Alega-se, ainda, que são funções institucionais do Ministério Público a
promoção de ação civil pública para a proteção do patrimônio público e social,
conforme o art. 129, III, do texto constitucional.
O Ministério Público Federal, em
parecer emitido pelo Subprocurador da República Paulo Gustavo Gonet Branco,
opina pelo desprovimento do recurso. (eDOC 18, p. 1)
Decido.
O recurso não merece prosperar.
No caso, verifico que o Tribunal
Regional Federal da 3ª Região, com base nas provas dos autos, assim enfrentou a
questão relativa à competência da Justiça Federal para processar e julgar o
feito:
‘O fato de a Companhia Docas do
Estado de São Paulo – CODESP ser uma sociedade de economia mista, não afasta o
interesse federal na presente lide, sobretudo no âmbito da improbidade
administrativa, ex vi do disposto no art. 1º da Lei nº 8.429/92.

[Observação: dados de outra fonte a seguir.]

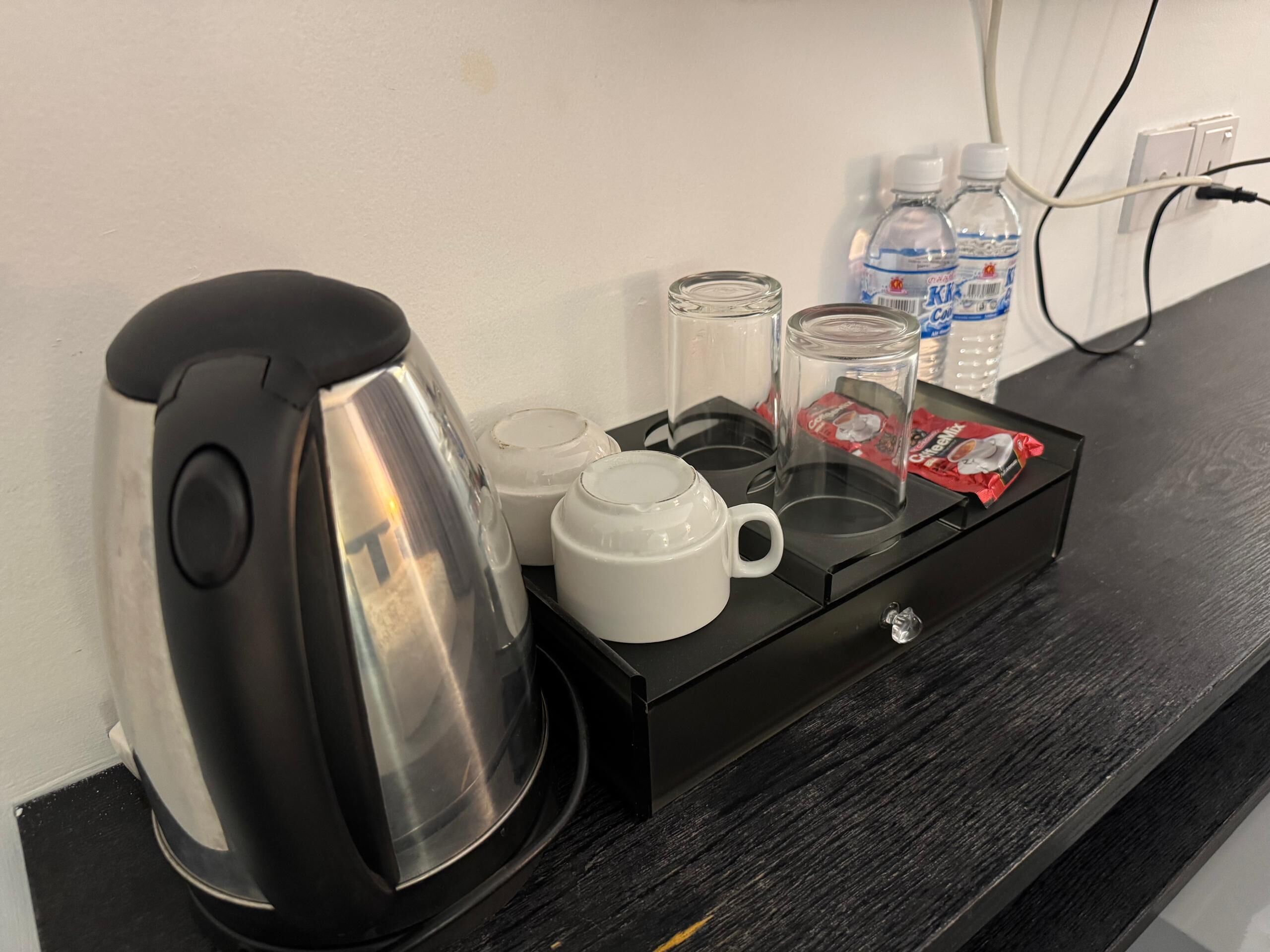 deluxe king | desk, soundproofing, iron/ironing board, bed sheets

Isto porque, além de vinculada à
Secretaria de Portos da Presidência da República, a própria atividade
desempenhada pela CODESP, portuária, é de competência, material e legislativa
da União Federal, nos termos do art. 21, XII, ‘f’ e o art. 22, X, ambos da
Constituição Federal. (…)
No que toca à decisão colacionada
pelo agravante proferida pelo C. Supremo Tribunal Federal, tenho que não se
aplica à hipótese dos autos, posto tratar-se- de conflito negativo de
atribuições, no qual o próprio representante do Ministério Público Federal
entendeu que a questão versada nos autos originários não se enquadrava nas
hipóteses de defesa do patrimônio nacional ou dos direitos constitucionais do
cidadão, situação absolutamente distinta da ação civil em apreço.
Aliás, o E. Superior Tribunal de
Justiça já firmou entendimento de que o mero ajuizamento de ação de improbidade
administrativa pelo Ministério Público Federal já fixa a competência da Justiça
Federal.’ (grifo acrescido) (eDOC 13, p. 48-52)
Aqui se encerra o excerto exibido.